Note that any property that previously had a license now not meeting these conditions will be given an 18 month license in an attempt to meet the new criteria.
– Additional Requirements
Any licensable HMO must:
– have a written agreement (AST)
– need to reference all tenants
It is possible for a Local Authority to decree that all non-HMO’s in a specified area need to be licensed. This is Selective Licensing.
- If your property meets the criteria for a Mandatory License it cannot be challenged.
- Additional and Selective Licensing are collectively known as Discretionary Licensing, it is at the Discretion of the Local Authority whether to consider introducing it.
- The only ways of challenging are at the consultation stage, and then within 3 months of a scheme being agreed. Note that this latter challenge can only be done by a legal challenge which can be extremely expensive.
- If the Local Authority are requesting you to do something to meet the license conditions that can be challenged via the First Tier Tribunal ,they cannot legislate on the introduction of a Discretionary Scheme.
Penalties for not Licensing
- No section 21, or court proceedings;
- Unlimited fine;
- Your Tenants can claim back the rent paid to you (max 1 year).

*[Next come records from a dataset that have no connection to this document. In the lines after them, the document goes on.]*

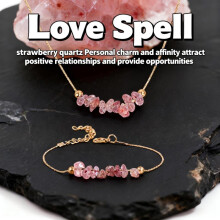 (L2111 Bracelet + Necklace) Strawberry Quartz Beaded Bracelet Necklace Adjustable Natural Stone Choker Crystal Jewelry Women Gift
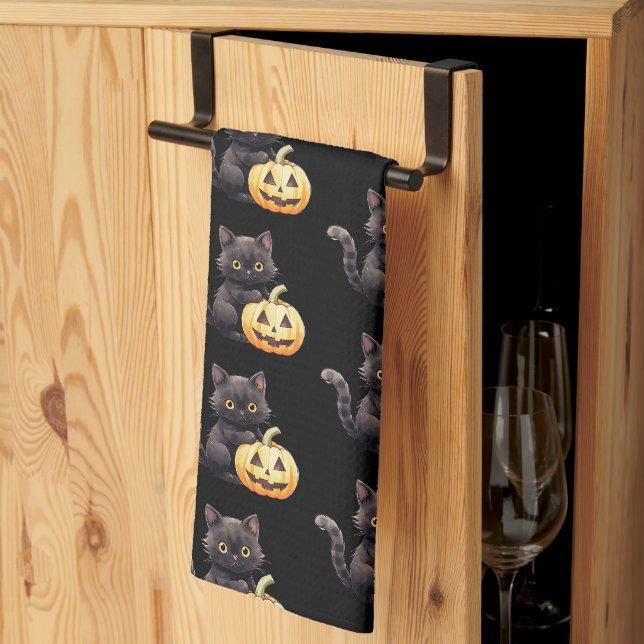 Schwarze Katze und Jack-O' Lantern Pattern Hallowe Geschirrtuch (Drittel gefaltet)
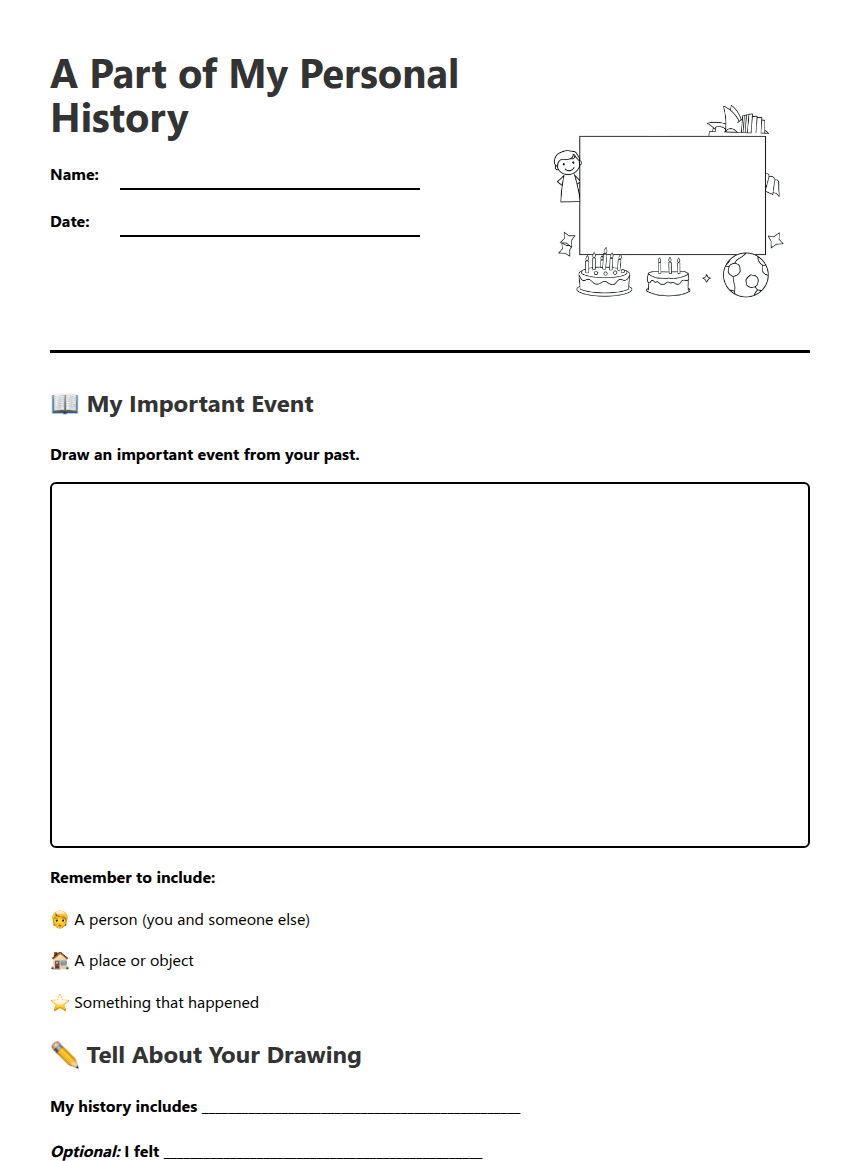 Personal History Drawing Sheet worksheet preview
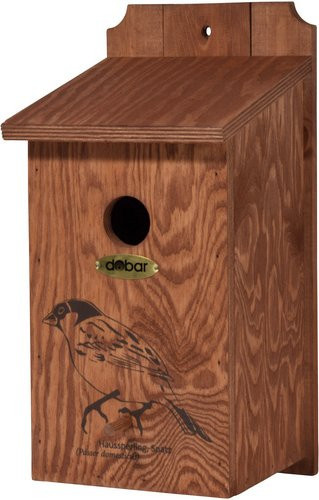 Nistkasten DOBAR aus Holz mit Siebdruckmotiv Haussperling in Braun, B/H/T: 18 x 35 x 17 cm - Bild 2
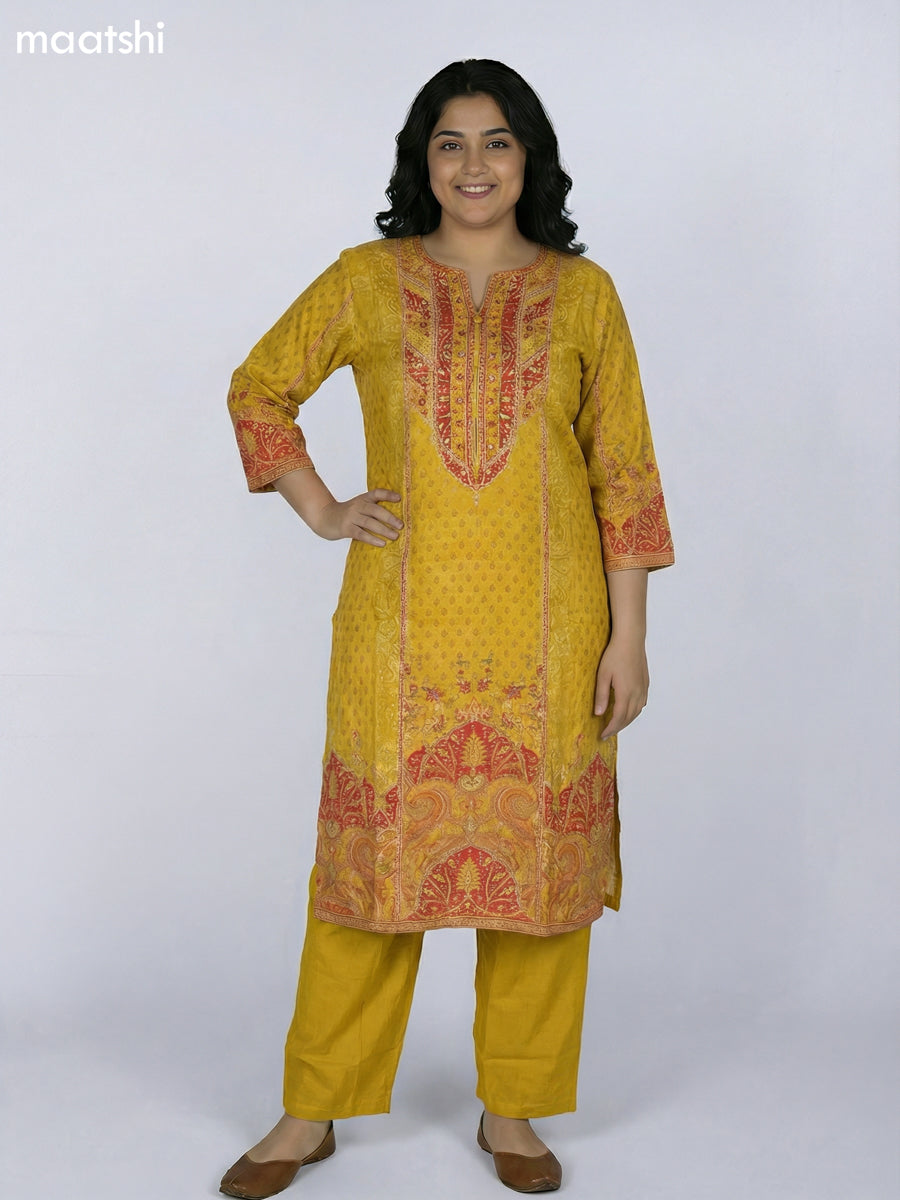 Mustard Yellow Muslin Printed & Embroidery Work Straight Suit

When Licensing and HHSRS were introduced in the 2004 Housing Act there was a lot of confusion over the requirements for fire safety, as the guidance in the Act was very poor. The regulatory body to co-ordinate Local Authorities LACORS (Local Authorities Coordinators of Regulatory Services) (now defunct) wrote an excellent guide for fire safety guidance. Although now getting out of date it is still generally referred to by Local Authorities and the First Tier Tribunal.
The body that took over from LACORS, the LGA (Local Government Association) has produced a guide to fire safety in purpose-built blocks of flats. The current version can be seen here, but is generally expected to be revised following the unfortunate circumstances following the Grenfell fire.